Einer der stärksten Anwälte der Armen in der Bibel ist der Prophet Amos. Er lebte in einer Zeit, als in den Städten der Wohlstand wuchs. Die Reichen wurden immer reicher. Die kleinen Leute immer ärmer. Die sozialen Netzwerke konnten sie kaum noch auffangen.
Zu seinen reichen Zeitgenossen sagte Amos: Es wird eine Zeit kommen, spricht Gott der Herr, dass ich einen Hunger ins Land schicken werde. Nicht einen Hunger nach Brot sondern nach dem Wort des Herrn, es zu hören; dass sie hin und her von Norden nach Osten laufen und des Herrn Wort suchen und doch nicht finden werden.

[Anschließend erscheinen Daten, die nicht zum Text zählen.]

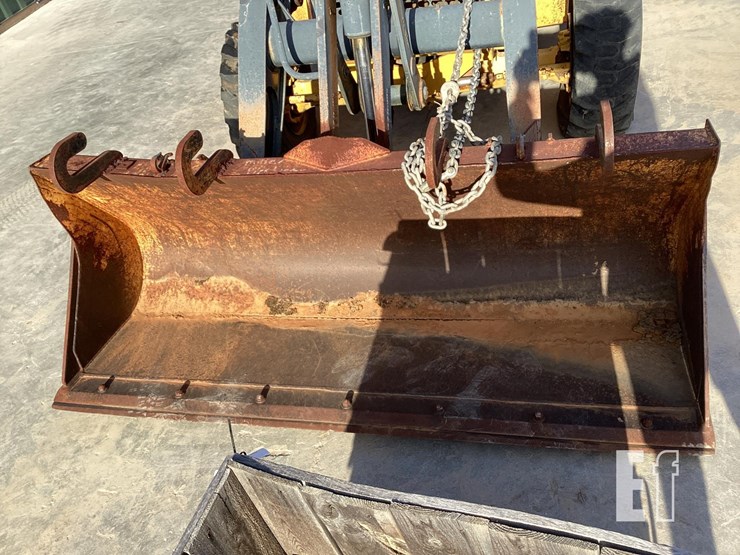 2007-deere-310j-image-11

Genau das ist doch unsere Situation! Ich habe Gott nicht unbedingt vergessen. Aber vielleicht laufe ich ja hilflos herum und kann Gott nicht finden. Weil er sich im Reichtum nicht finden lässt.

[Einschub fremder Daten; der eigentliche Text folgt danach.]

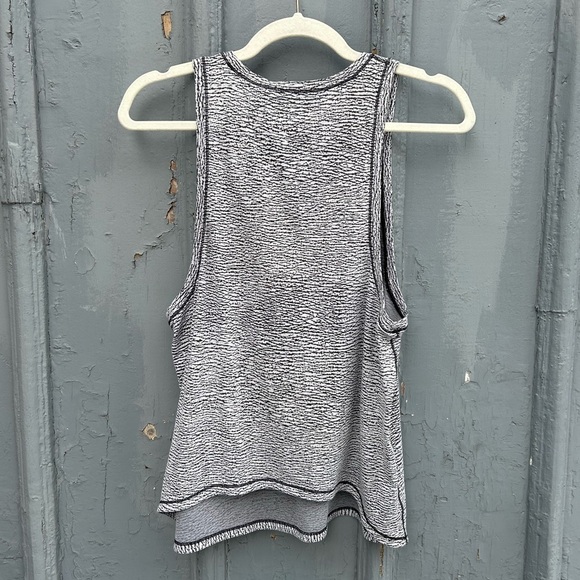 Lululemon Squad Goals Tank, size 8/10 - Picture 5 of 9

Auch in Deutschland wächst die Armut. Die Schere zwischen Arm und Reich wird größer. Niemandem muss es in Deutschland so schlecht gehen wie einem Slumbewohner. Aber das macht die Not in unserer Nachbarschaft nicht erträglicher.
Auch die geistliche Armut wächst. Und der Hunger nach Gott. Bei den Menschen, denen ein Leben ohne Glauben zu wenig ist. Die sensibel werden für das, was in einer entzauberten Welt fehlt. Die neu nach den Schätzen suchen, die in unserer geistlichen Tradition liegen – seien sie christlich, jüdisch oder noch ferner östlich.
„Gott wohnt bei den Armen.“ Ich glaube, dass dieser Satz richtig ist. Aber ich glaube nicht, dass Gott ausgewandert ist. Gott wohnt nicht nur in bestimmten Ländern. Gott wohnt bei jedem Menschen, der seine eigene Armut spürt. Der nicht genug zum Leben hat. Der hungrig ist nach Brot. Hungrig nach Leben. Und vor allem hungrig nach Gottes Nähe. Darin liegt der Trost dieses Satzes: Wenn ich meinen Hunger nach Gott spüre, dann ist er mir schon nicht mehr fern.